Männer wie Jadvendra Singh zum Beispiel. Der mit der Pilotenbrille. Der mit dem Lachen. Der mit dem Armband, der jetzt, bei meiner letzten Safari, auf dem Beifahrersitz thront: ein Kenner, ein Experte, eine Legende, seit mehr als 20 Jahren den gestreiften Großkatzen auf der Spur. "Heute sehen wir Tiger!" Und warum? Weil unser Jeep jenem Sektor zugelost wurde, in dem Tiger T-24 zu Hause ist. T-24! Er strahlt. T-24, sagt er, sei jener Tiger, den man sieht, wenn man nach "Tiger Ranthambore Nationalpark" googelt: der größte, der stolzeste, der mächtigste Tiger im Park, der König der Tiger sozusagen. Und wir würden ihn treffen!

Eine Stunde später stehen wir an einem kleinen See. Jadvendra dreht sich zu uns um auf seinem Beifahrersitz, nachdem er das Ufer mit dem Fernrohr inspiziert hat, und jetzt erzählt er. Von den Tigern. Und den Tigern. Und den Tigern. Je länger er erzählt, desto lauter wird er, ich bin mir sicher, dass man uns bis zum Kassenhäuschen hören kann. Oh, das störe T-24 nicht, sagt Jadvendra, als ich ihn darauf aufmerksam mache, der nehme das gar nicht wahr. Wie zum Beweis für diese These passiert nichts. Eine Viertelstunde. Eine halbe Stunde. Eine ganze Stunde. Das Funkgerät knackt.

Jadvendra spricht mit seinen Rangerkollegen. Dann dreht er sich um und erklärt, dass T-24 im Nachbarsektor gesichtet worden sei. Ganz ungewöhnlich sei das, normalerweise halte er sich dort nie auf. Er sieht auf die Uhr. Wir fahren zurück ins Hotel. Und ich weiter zum Flughafen.

Dass ich dann doch noch einen Tiger gesehen habe, verdanke ich der Airline. An Bord lief auf dem Rückflug nämlich "Life of Pi". Das ist dieser Film über den schiffbrüchigen Jungen, der sich das Rettungsboot mit einer ganz besonderen Raubkatze teilt. Sind schon wunderschöne Tiere, die Tiger.

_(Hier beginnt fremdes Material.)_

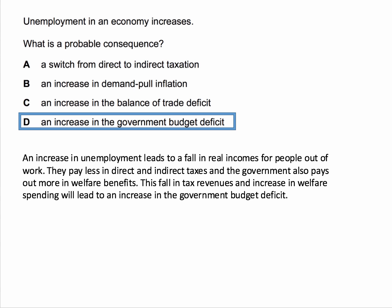Basically, an increase in unemployment means there's a fall in real incomes for people and families who lose their jobs. They therefore pay less to the government in direct tax — income tax, for example — and they pay less in indirect taxes, for example VAT. So the government gets less tax revenue, and the state also pays out more in welfare benefits, including the jobseeker's allowance. This combination of falling tax revenues and increasing welfare spending causes the government's budget or fiscal deficit to increase. So the answer is D.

SZ-Grafik Ranthambore-Nationalpark Indien Rajasthan
(Foto: SZ Grafik)

Informationen

Anreise: Flug mit Etihad Airways von München über Abu Dhabi nach Delhi und zurück ab 700 Euro, www.etihad.com

Reisearrangement: Der Ranthambore-Nationalpark liegt ca. 150 Kilometer von Jaipur entfernt im indischen Bundesstaat Rajasthan. Der Veranstalter Lotus Travel bietet eine dreitägige Tour in den Park ab Jaipur bis Agra an, ab 248 Euro pro Person, die mit allen Rajasthan-Rundreisen des Veranstalters kombiniert werden kann, z.B. mit der Rundreise "Exkursion ins Reich der Rajputen" (9 Tage ab 679 Euro pro Person), Buchungen über www.lotus-travel.com

Weitere Auskünfte: Die Website des Nationalparks im Internet: www.ranthamborenationalpark.com, www.india-tourism.de

Hinweis der Redaktion: Die Recherchereisen für diese Ausgabe wurden zum Teil unterstützt von Veranstaltern, Hotels, Fluglinien und/oder Tourismus-Agenturen.